These are ridiculously powerful SoCs, to the point where even the putative “power-efficient” cores are so fast that Apple found it necessary to promote them from mere “efficiency” cores to “performance,” necessitating a new name—super cores—for the speed-at-all-costs cores:
The industry-leading super core was first introduced as performance cores in M5, which also adopts the super core name for all M5-based products — MacBook Air, the 14-inch MacBook Pro, iPad Pro, and Apple Vision Pro. This core is the highest-performance core design with the world’s fastest single-threaded performance, driven in part by increased front-end bandwidth, a new cache hierarchy, and enhanced branch prediction.
M5 Pro and M5 Max also introduce an all-new performance core that is optimized to deliver greater power-efficient, multithreaded performance for pro workloads.
I’ll admit, retconning the M5’s “performance cores” as “super cores” is a baller move.
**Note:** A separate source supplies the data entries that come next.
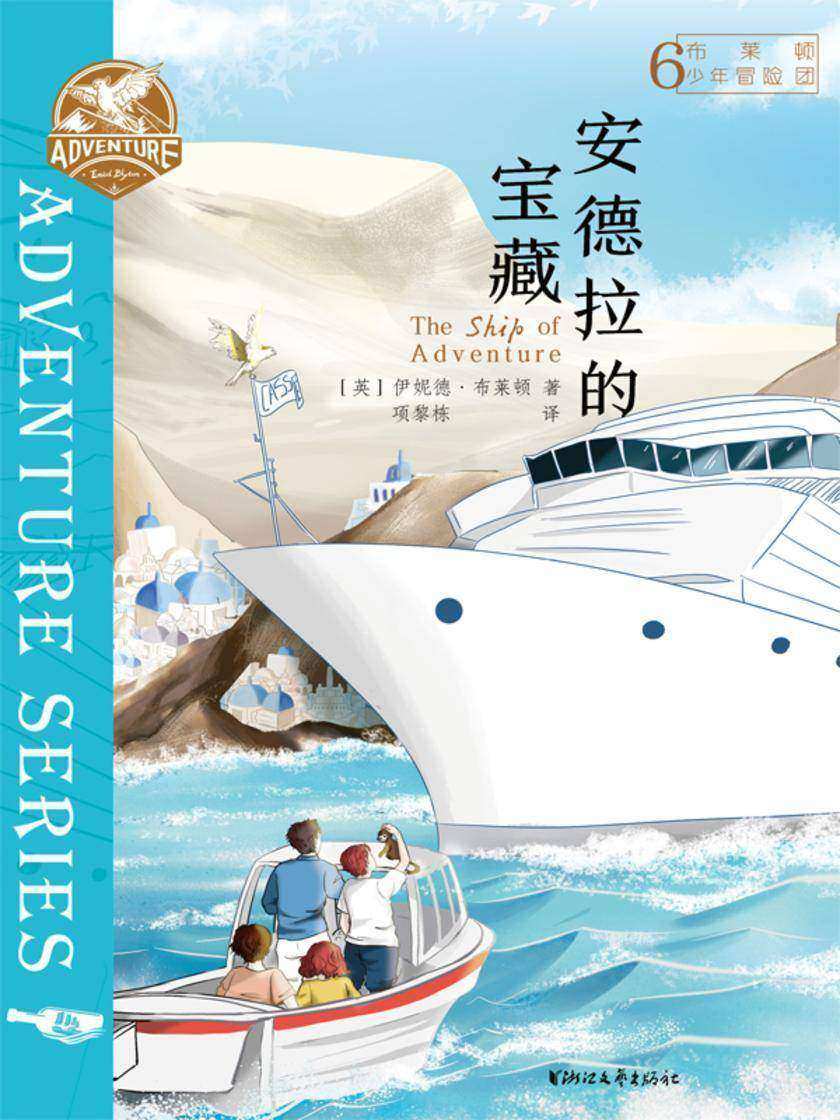 布莱顿少年冒险团6:安德拉的宝藏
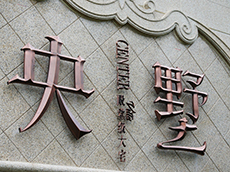 玫瑰金不銹鋼廣告字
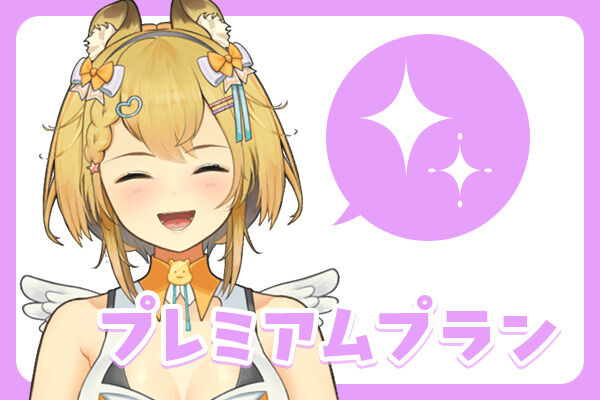 プレミアムプラン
Does this count as a free hardware upgrade?
The rename has caused some confusion; John Gruber at Daring Fireball attempts to clarify:
There are now three core types in M5-series CPUs. Efficiency cores are still “efficiency”, but they’re only in the base M5. What used to be called “performance” cores are now called “super” cores, and they’re present in all M5 chips. The new core type — more power-efficient than super cores, more performant than efficiency cores — are taking the old name “performance”.
Got it?
How I interpret what Apple is saying: Our previously “high-performance, high power” cores are now so power-efficient, we can make them the “low power” cores, and introduce a new, even higher-performance core above it.
(Plus, “efficiency” has a faint whiff of compromise: images of brawny chips forcibly constrained and compelled to sip power come to mind.)
M5 Pro is designed to meet the needs of pro users — like data modelers, post-production sound designers, and STEM students — who require robust processing power and graphics, and ample amounts of unified memory to handle complex projects and workloads. […]
M5 Max is designed for pro users — such as 3D animators, app developers, and AI researchers — who run workloads that demand maximum GPU compute and the highest unified memory bandwidth.
Even in my previous life this much unadulterated power would have been overkill—not that it would have stopped me.